# What’s your favorite cut of beef?



## Ronni (Dec 6, 2019)

I don’t eat beef much any more so when I do I make sure to not waste the experience!!

My favorite cuts are ribeye steaks and beef tenderloin. We buy ribeyes and grill them, but the tenderloin we usually reserve for eating out. Couple favorite restaurants do a good job so when we’re feeling like it (and the wallet is fat enough because it’s about the most expensive cut) we’ll treat ourselves.

The other day though while at the store I saw a London Broil In the meat department. I haven’t had one of those in years!!  I bought it and last night we had it for dinner with steamed broccoli and a loaded baked potato (that was for Ron, I didn’t eat any.) I seasoned it and rubbed it with garlic, broiled it either side till it was crispy on the outside and not quite medium rare inside. Delicious!!

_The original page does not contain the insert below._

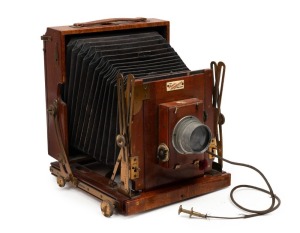 HOUGHTON: 'Sanderson Junior' 4¾ x 6 ½" plate triple-extension field camera, c. 1903, with Beck Isosticmar 6.25" f5.8 lens [#114636], Thornton-Pickard roller-blind shutter, and Watson Bowden 'The Antinuous' shutter release cable.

Those of you who eat beef, what’s your favorite cut?


----------



## hollydolly (Dec 6, 2019)

Like you Ronni, I rarely eat beef these days but when I do I usually eat it as part of a Sunday roast dinner.. so it has to be tender, so I love Rump steak. Now* Rump steak* in the Uk is known as *Sirloin* in the USA...

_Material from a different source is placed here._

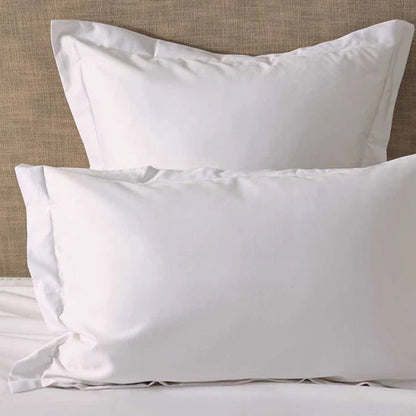500TC Egyptian Cotton White Pillowcases on a bed with a neutral headboard.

Our* Sirloin* in the UK..is known in the USA..as *Strip/Porterhouse

Fillet* in the UK..is known as* Tenderloin *in the USA...

*The London Broil* you mentioned is called *Flank* here..


----------



## Lvstotrvl (Dec 6, 2019)

We’ll have this for Christmas dinner. Have no idea what it’s called in the UK  it it’s my favorite beef!


----------



## Gary O' (Dec 6, 2019)

Eating in....Ribeye



Dining out NY strip



Both, just a sprinkle of salt


----------



## RadishRose (Dec 6, 2019)

NY Strip is my favorite.

Prime rib roast is not always "Prime" by grade. Usually the restaurants buy up this cut.

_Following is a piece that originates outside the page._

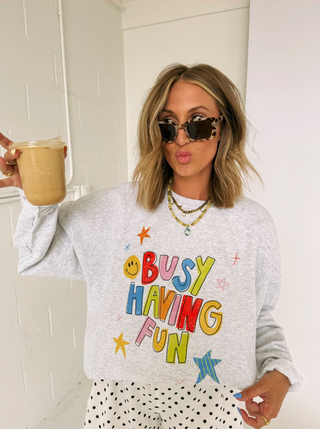 A woman wearing a light gray crewneck sweatshirt with a colorful 'BUSY HAVING FUN' graphic, styled with white polka dot pants, layered necklaces, and sunglasses, holding an iced coffee in a bright room. Find at Southern Quirks Gifts & Goods.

What we're most often buying is just a standing rib roast and the grade is most often, "Choice". Which is great too.


----------



## hollydolly (Dec 6, 2019)

https://steaksociety.com/steak-cuts/


----------



## RadishRose (Dec 6, 2019)

hollydolly said:


> https://steaksociety.com/steak-cuts/


That's interesting. I noticed what UK calls *skirt* steak is called *hanger* in the US. I believe that may be regional in the US. Where I live it's also called "skirt". 

I have heard of "hanger", but until now, I didn't know they were the same thing.
Thanks!


----------



## Nautilus (Dec 6, 2019)

Ribeye cooked rare.  Filet mignon is fine but I need a side order of fat to go with it!


----------



## Aunt Bea (Dec 6, 2019)

A T-bone with a tail, a ribeye or a chargrilled burger.

I'm not sure why T-bones don't have tails these days.  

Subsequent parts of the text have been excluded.